Análisis

rogelio rodríguez

Destrozo institucional

El nuevo bipartidismo agita la polarización en la vida pública y en la sociedad

Varias encuestas revelan que el rechazo social a los partidos políticos es alarmante, con calificaciones que no superan el 0,5 sobre 10. Nunca cosecharon gran crédito, que en buena medida se fundamenta en el porcentaje de rechazo que cada formación obtiene del electorado afín a una ideología contraria, pero el profundo desprestigio que sufren ahora representa un grave peligro para la estabilidad del sistema. El nuevo bipartidismo, más radicalizado, más beligerante y más despectivo, además de menos capacitado para la gobernanza, agita la polarización en la vida pública y en la sociedad y propicia el deterioro institucional. La vocación de servicio a los intereses generales ha derivado en actitudes invasoras de las instituciones con fines partidistas, que carcomen el funcionamiento del Estado democrático y paralizan el modelo productivo. El PSOE y el PP son mayoritarios, dueños de sus espacios electorales, pero también son más débiles y erráticos.

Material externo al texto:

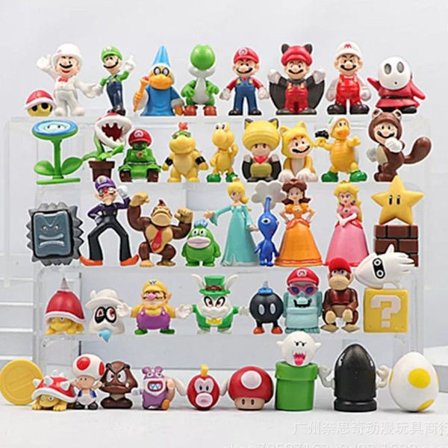 Super Mario-figurer Figur 48 stykker leketøyfigur Peach Wario Bowser Luigi etc KLB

La ocupación sectaria de órganos constitucionales por parte del Ejecutivo social-comunista conduce a la quiebra del equilibrio de poderes, una propensión fatídica. Los cuantiosos signos de decadencia institucional justifican la creciente desafección ciudadana, que tenderá a ser más compulsiva conforme se acentúe el desgaste del régimen establecido. Es lo que el acreditado politólogo norteamericano Francis Fukuyama denomina La gran disrupción, la inconformidad del pueblo con las instituciones que deben regular el orden, la convivencia, la proporcionalidad y el desarrollo. Se gobierna mediante una telaraña de decretos, muchos de ellos improvisados, algunos trufados de populismo y, otros, con afectiva dedicatoria a grupos exógenos que agreden al Estado. El Parlamento, sede de la soberanía nacional y escenario de debates ilustrados, a los que no les faltaba alta tensión, pero en los que, al final, prevalecía el ánimo constructivo, se ha transformado definitivamente en un teatro de cambalaches y disputas groseras, donde la excepción educada y erudita pasa desapercibida. La zafiedad degrada el diario de sesiones. Hace seis años que no se celebra el tradicional y siempre preclaro debate sobre el estado de la nación, aunque con estos mimbres da grima reclamarlo.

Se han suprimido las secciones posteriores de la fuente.